• _ACTIVITY_: A line-by-line copy of the material below is required.

• _GIVEN INFORMATION_:
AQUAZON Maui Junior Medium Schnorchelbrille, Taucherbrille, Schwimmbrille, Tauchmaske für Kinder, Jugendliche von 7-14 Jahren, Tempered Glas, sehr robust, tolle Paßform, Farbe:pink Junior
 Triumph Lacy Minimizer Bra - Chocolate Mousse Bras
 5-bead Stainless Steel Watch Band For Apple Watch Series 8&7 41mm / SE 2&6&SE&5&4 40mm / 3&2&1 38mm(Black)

• _ANSWER FOR THIS EXERCISE_:
AQUAZON Maui Junior Medium Schnorchelbrille, Taucherbrille, Schwimmbrille, Tauchmaske für Kinder, Jugendliche von 7-14 Jahren, Tempered Glas, sehr robust, tolle Paßform, Farbe:pink Junior
 Triumph Lacy Minimizer Bra - Chocolate Mousse Bras
 5-bead Stainless Steel Watch Band For Apple Watch Series 8&7 41mm / SE 2&6&SE&5&4 40mm / 3&2&1 38mm(Black)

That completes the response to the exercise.